Our I-Team investigation revealed some of the Controllers findings — including that LAHSA put only 14% of people it contacted into shelters, 4% into permanent housing, 6% into substance abuse treatment, and 4% into mental health treatment, falling well short of its stated goals. Galperin says the city also needs to use more real time data on homelessness, much like the LAPD does on crime.

"I go out with outreach teams every week," Mayor Eric Garcetti said.

Garcetti said while he agreed with some of the audit's recommendations, he disagreed with how the it measured LAHSA's progress on housing.

"LAHSA isn't the only agency that houses people. Our veterans administration — I just cited that we've housed over 10,000 veterans — that is something that is federal government and local government together," Garcetti said.

The controller's findings state that only 167 people were moved into permanent supportive housing, but LAHSA officials say that number is taken out of context, and that thousands have been placed throughout the system. LAHSA officials now say substance abuse and mental health referrals are not good ways to measure effectiveness.

"We don't see people often going straight from the street to permanent housing. We often see people engaging some sort of shelter program first so it's hard to make a direct correlation," LAHSA chief program officer Heidi Marston said.

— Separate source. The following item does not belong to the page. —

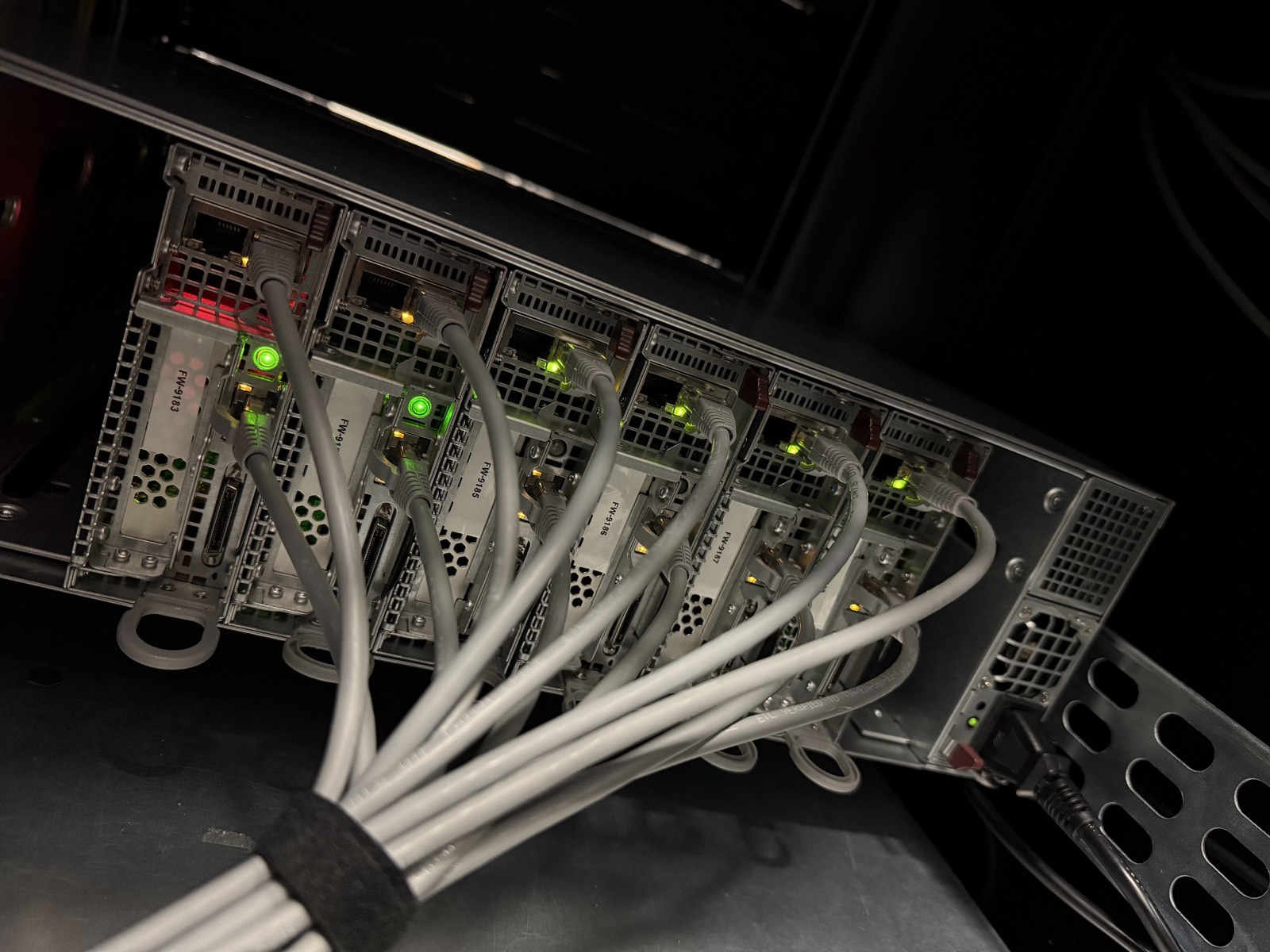 Neatly bundled cabling fanning into FyfeWeb servers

LAHSA also clarified that the number of homeless people they've reached out to is 6,634, and out of those people, 167 were linked to permanent housing.

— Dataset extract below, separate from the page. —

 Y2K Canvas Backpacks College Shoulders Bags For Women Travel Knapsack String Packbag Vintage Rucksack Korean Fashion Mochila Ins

The controller said this audit did not address the city's handling of Measure HHH, the billion dollar bond measure meant to create 10,000 units of housing — none of which have opened yet. He says that report will come later.

Read LAHSA's full response below:

"Today the Los Angeles City Controller released a report that examines one City of Los Angeles outreach contract representing $3.5 million (6%) of the total outreach allocation and less than 1% of LAHSA's total budget.

LAHSA welcomes public oversight and scrutiny, which is invaluable to a system undergoing massive growth. None of this work could be possible without close collaboration among City, County and community-based partners, and none of it could be possible without openness to uncomfortable criticism.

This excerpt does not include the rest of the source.